14) Ending inventory in period 3: EI3 = EI2 + RP3 + OP3 - S3

We also need a set of constraints to model the situation that occurs when we produce less than we could have sold in periods 1, 2 and 3. When we produce less than we could have sold, we generate lost sales.

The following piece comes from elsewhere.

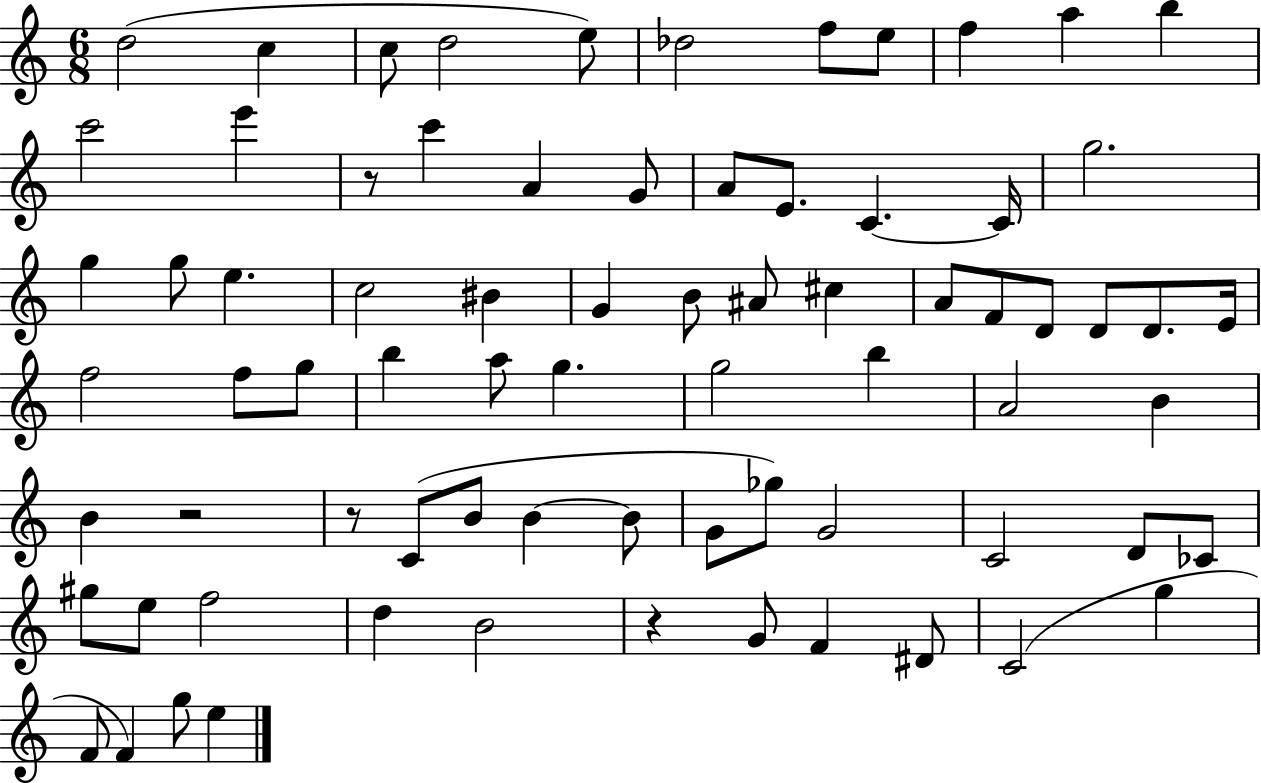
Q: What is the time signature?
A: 6/8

15) Lost Sales in period 1: LS1 = D1 - S1

16) Lost Sales in period 2: LS2 = D2 - S2

17) Lost Sales in period 3: LS3 = D3 - S3

Of course, all of the constraints have to be rewritten to put them in standard form for the linear program data input. That is shown in the computer input and output below. The computer output provides the solution values for the production planning decision and input variables, as well as rich sensitivity analysis information.


Printout 6.3.3


LINEAR PROGRAMMING PROBLEM

MAX 5S1+5S2+5.5S3-2.8RP1-2.9RP2-3RP3-3.36OP1-3.48OP2-3.6OP3-0.5EI1-0.5EI2-0.55EI

3-4LS1-4LS2-4LS3

S.T.

1) 1D1=500

2) 1D2=300

3) 1D3=400

4) 1RP1<250

5) 1RP2<300

6) 1RP3<300

7) 1OP1<100

8) 1OP2<100

9) 1OP3<125

10) 1BE=100

11) 1EI3>50

12) 1S1-1RP1-1OP1+1EI1-1BE=0

13) 1S2-1RP2-1OP2-1EI1+1EI2=0

14) 1S3-1RP3-1OP3-1EI2+1EI3=0

15) 1S1+1LS1-1D1=0

16) 1S2+1LS2-1D2=0

17) 1S3+1LS3-1D3=0

OPTIMAL SOLUTION

Objective Function Value = 2367.000

Variable Value Reduced Costs

-------------- --------------- ------------------

S1 450.000 0.000

S2 300.000 0.000

S3 400.000 0.000

RP1 250.000 0.000

RP2 300.000 0.000

RP3 300.000 0.000

OP1 100.000 0.000

OP2 25.000 0.000

OP3 125.000 0.000

EI1 0.000 6.020

EI2 25.000 0.000

EI3 50.000 0.000

LS1 50.000 0.000

LS2 0.000 5.520

LS3 0.000 5.520

BE 100.000 0.000

D1 500.000 0.000

D2 300.000 0.000

D3 400.000 0.000

Constraint Slack/Surplus Dual Prices

-------------- --------------- ------------------

1 0.000 -4.000

2 0.000 1.520

3 0.000 1.520

4 0.000 6.200

5 0.000 0.580

6 0.000 0.980

7 0.000 5.640

8 75.000 0.000

9 0.000 0.380

10 0.000 9.000

11 0.000 -4.530

12 0.000 9.000

13 0.000 3.480

14 0.000 3.980

15 0.000 -4.000

16 0.000 1.520

17 0.000 1.520

OBJECTIVE COEFFICIENT RANGES

Variable Lower Limit Current Value Upper Limit

------------ --------------- --------------- ---------------

S1 -0.640 5.000 No Upper Limit

S2 -0.520 5.000 No Upper Limit

S3 -0.020 5.500 No Upper Limit

RP1 -9.000 -2.800 No Upper Limit

RP2 -3.480 -2.900 No Upper Limit

RP3 -3.980 -3.000 No Upper Limit

OP1 -9.000 -3.360 No Upper Limit

OP2 -9.000 -3.480 -3.100

OP3 -3.980 -3.600 No Upper Limit

EI1 No Lower Limit -0.500 5.520

EI2 -6.020 -0.500 -0.120

EI3 No Lower Limit -0.550 3.980

LS1 No Lower Limit -4.000 1.640

LS2 No Lower Limit -4.000 1.520

LS3 No Lower Limit -4.000 1.520

BE No Lower Limit 0.000 No Upper Limit

D1 No Lower Limit 0.000 No Upper Limit

D2 No Lower Limit 0.000 No Upper Limit

D3 No Lower Limit 0.000 No Upper Limit

RIGHT HAND SIDE RANGES

Constraint Lower Limit Current Value Upper Limit

------------ --------------- --------------- ---------------

1 450.000 500.000 No Upper Limit

2 275.000 300.000 375.000

3 375.000 400.000 475.000

4 0.000 250.000 300.000

5 225.000 300.000 325.000

6 225.000 300.000 325.000

7 0.000 100.000 150.000

8 25.000 100.000 No Upper Limit

9 50.000 125.000 150.000

10 0.000 100.000 150.000

11 25.000 50.000 125.000

12 -450.000 0.000 50.000

13 -75.000 0.000 25.000

14 -75.000 0.000 25.000

15 -50.000 0.000 No Upper Limit

16 -25.000 0.000 75.000

17 -25.000 0.000 75.000

By now we have worked a product mix problem, a clinic patient mix problem, a couple of financial planning problems, a scheduling problem and a production planning problem. I do hope you are beginning to appreciate the wide range of applications for linear programming. In the next two modules we examine some additional extensions.